The Evening Standard last night reported that our Council is making some of the biggest cuts in London, at £14.8 million, and we've already seen a shrinking of Sure Start services for children. The same report described how some Councils have made provisions for meetings to be held away from the public due to concerns over meetings being disturbed by crowds of angry people.

I would of course offer you a film of the procedings, but I have been told before that if I get my camera out I'd be asked to leave by security and escorted from the building. So much for transparency - and this sort of thing has led to Secretary of State for Local Government Eric Pickles urging councils to let bloggers film and report freely from Council meetings with the same accreditation as "professional" journalists - we'll see if H&F take him up on that but I wouldn't hold your breath!

It's become normal recently for big set pieces like this at the Town Hall to be prefaced by some kind of demonstration outside beforehand so there may well be one this evening, but the main action will be in the Town Hall where what will otherwise be a quiet meeting with a simple agenda will ring the changes through for this borough, and very far reaching they will be too.

Tuesday, 22 February 2011

Shepherd's Bush Market traders confusion


The historic Goldhawk Road Terrace of shops are in confusion over what they want their fate to be. Our Council is quoting the owner of A Cooke's Pie and Mash Shop on Goldhawk Road, Mike Boughton, 59, as saying this:

"I have been here for 41 years and the business has been here for 111 years. I hope to keep the business running in new premises on Goldhawk Road and we are talking to OSBL about how that can be achieved."

But it seems either our Council have made that quote up out of thin air or Mr Broughton didn't check with his erstwhile fellow traders first, for this has provoked a curious reaction. First of all the owner of A Cooke's Pie and Mash Shop Twitter Feed, which was set up only days ago and which you can view here, denied any knowledge of wanting "new premises". He/she said this:

"Do not want new premises! Want to save the existing shops. They are so much a part of the local community".

So when I asked about the quote Mr Boughton had given, which says the opposite and which I had produced on the campaign groups' facebook site, which you can view here, - it promptly got deleted by Coll McDonnell who runs the facebook site! Obviously Mr McDonnell only wants supportive comments on there.
 
Incidentally Mr McDonnell is not above a bit of content thievery either as the main picture he is using is taken from this blog without any reference to it.

27 FEB UPDATE - Coll has been in touch to point out that the person responsible for censoring their facebook site was in fact not him, but his fellow administrator. He doesn't go so far as to name that person but is adamant it wasn't him. And, in fairness, he did take down the nicked pic and replace it with one of his own. So well done Coll.

 
My other inquiry, to try and understand what seems to be the shifting line taken by the dwellers of the Terrace, was to Aniza Meghani (pictured above with Coll McDonnell) who stood up at this meeting to berate Council Leader Stephen Greenhalgh.

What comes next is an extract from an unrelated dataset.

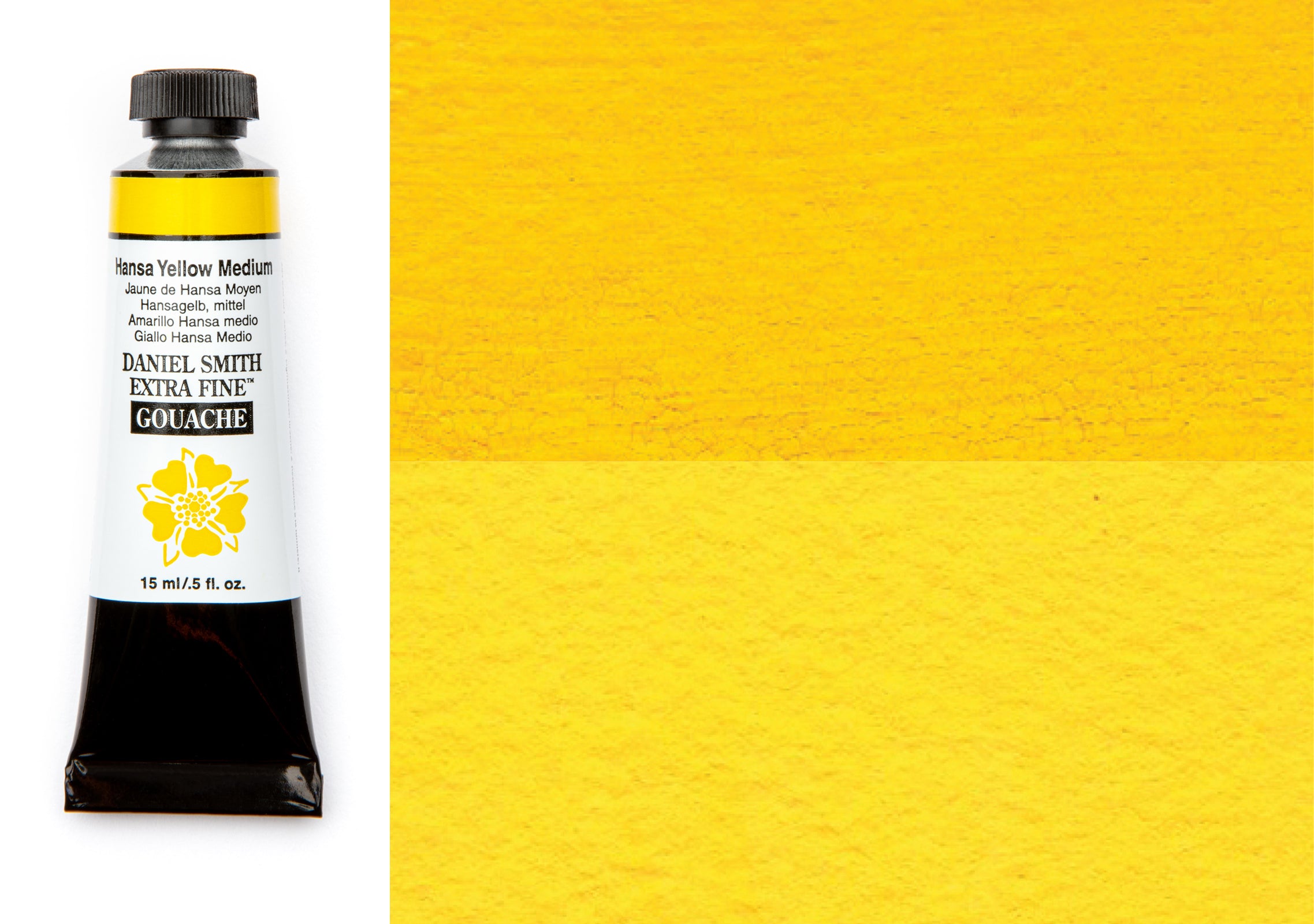 Gouache Profesional Daniel Smith 15ml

Her reply was thus:
 
"Thank u for yr email . Our lawyer Michael Webster of Webster Dixon , is representing us and will reply on behalf of us"
 
He hasn't been in touch.
 

So what to make of all this? I can only assume that some of the owners have indeed approached Orion with requests to be bought out and that the quote given by the owner of A Cooke's Pie and Mash Shop is indeed genuine and reflects what is actually going to happen. And in the face of a determined Council and even more determined developer this mix of division, confusion and general haphazardness is hardly going to put them off.
 
Which as a Bush resident I think is a shame because the more I walk past that Market having seen the models at the exhibition the less I really want a huge seven floor luxury flat complex dominating the Bush - that's what this is starting to be all about for me now.

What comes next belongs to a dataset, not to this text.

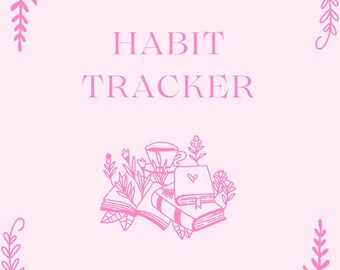 Pink Trackers Bundle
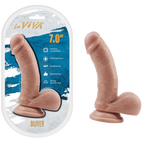 LaViva Realistic and Thrusting Dildos – Choose Your Model > Dildos > Realistic Dildos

Colin Firth and Ralph Fiennes join campaign against Council


Defending Hammersmith King Street against the incursions of the wreckers ball and two soaring blocks of luxury flats, the actors Colin Firth and Ralph Fiennes have signed up to the Save Our Skyline campaign that was launched last year at a packed out church on King Street, so the Evening Standard reports.

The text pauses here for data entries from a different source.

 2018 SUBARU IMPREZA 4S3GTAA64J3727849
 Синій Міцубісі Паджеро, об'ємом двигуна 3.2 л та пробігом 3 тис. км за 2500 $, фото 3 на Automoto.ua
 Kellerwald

At that meeting, pictured above and which I reported on here, Council Leader Stephen Greenhalgh professed his "hurt" at the allegation, made by a number of people throughout the evening, that he wasn't listening and that he was in the pocket of the developers - whose plans also involve destroying around a third of Furnival Gardens with a footbridge so that the dwellers of the luxury flats don't have to have the inconvenience of crossing King Street in order to get there. He then submitted the plan to developers without a single change.

Regular readers may remember the Council professed to be defending Furnival Gardens against evil Thames Water just months ago. How times change. And you may see more than one coincidence with the way in which the Shepherd's Bush Market development is being pushed through.

Monday, 21 February 2011

Fulham Chronicle propaganda deal: Plot thickens

Two meetings and a contract: the super sensitive reaction of the Fulham Chronicle to this blog's attention to their possible transformation from independent newspaper to council propaganda vehicle first let me know I was onto something. I was "strongly urged" to, in effect, seek permission from owners Trinity Mirror before publishing otherwise I might have lawyers on my case.

I published anyway and still haven't received my phone call. And since then two meetings have come to light courtesy of one of my moles in the Town Hall. There have been two meetings, I'm told, between Trinity Mirror Southern Managing Director Simon Edgley and H&F Chief Executive Geoff Alltimes on the 16th and then the 26th April at which the future of H&F propagandising was discussed.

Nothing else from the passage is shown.